Living in a bubble

We are now living in a bubble – and it kind of feels like that. We are in the Atlantic Canada bubble – an area that has so far managed the coronavirus well enough that we don’t need to socially isolate. We can hug our friends. It is such a wonderful feeling and something that I didn’t realize I missed.

It is an area where people are respectful of one another – and yet there is still some concern. A concerned citizen called the local police to report our car with California plates. I had a nice conversation with the constable that called as I explained that, yes, we had quarantined for 14-days and now we were in the process of buying a house in Bridgewater. He was super friendly and clearly taking down some notes for the file.

It feels like we are in a bubble looking out on the world. Everything inside is clear, but everything outside is fuzzy and warped. The world outside the bubble is unbelievable – had I not been living in it a month ago I would not have believed it. The fires in California and the politics across the US are unbelievable and scary. I worry for my friends. I wish they all could join me in this bubble. I feel remarkably privileged to be able to be in it.

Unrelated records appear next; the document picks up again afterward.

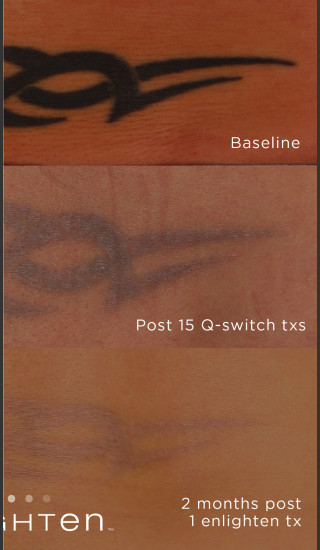 After Photo for Tattoo Removal on Lower Back -  - Prejuvenation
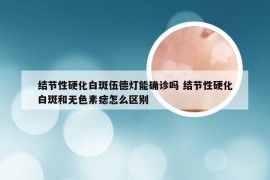 结节性硬化白斑伍德灯能确诊吗 结节性硬化白斑和无色素痣怎么区别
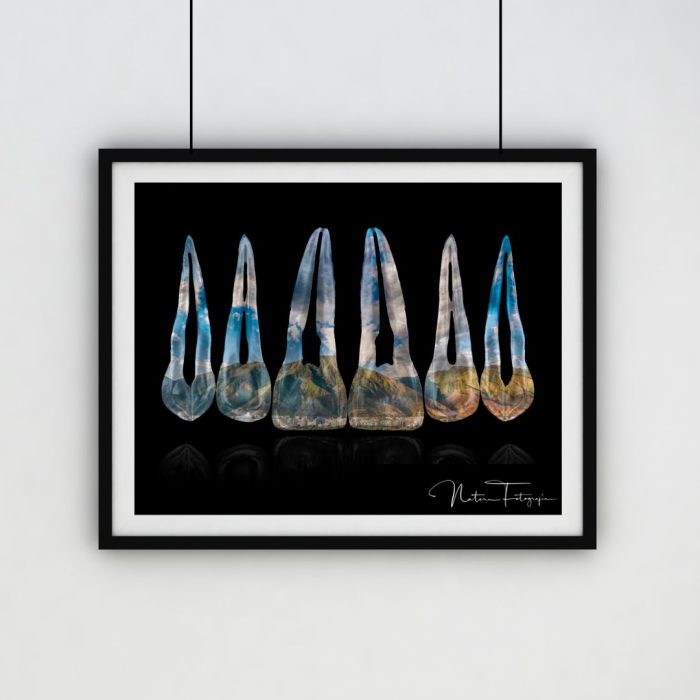 Composición de dientes. Ávila, Venezuela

Like a bubble the layer of protection is very fragile. We are holding our breath waiting for the next spike and the next lockdown – the next time we go back into the world of physical isolation.

But for now, we are living in the bubble. We are taking deep breaths of fresh air. We are relaxing to the sound of ripples on the lack, wind in the trees, birds in the distance, and the occasional squirrel who is unhappy that we are invading its space – that or it wants us to leave some treats out for it. I will never look at bubbles the same way again.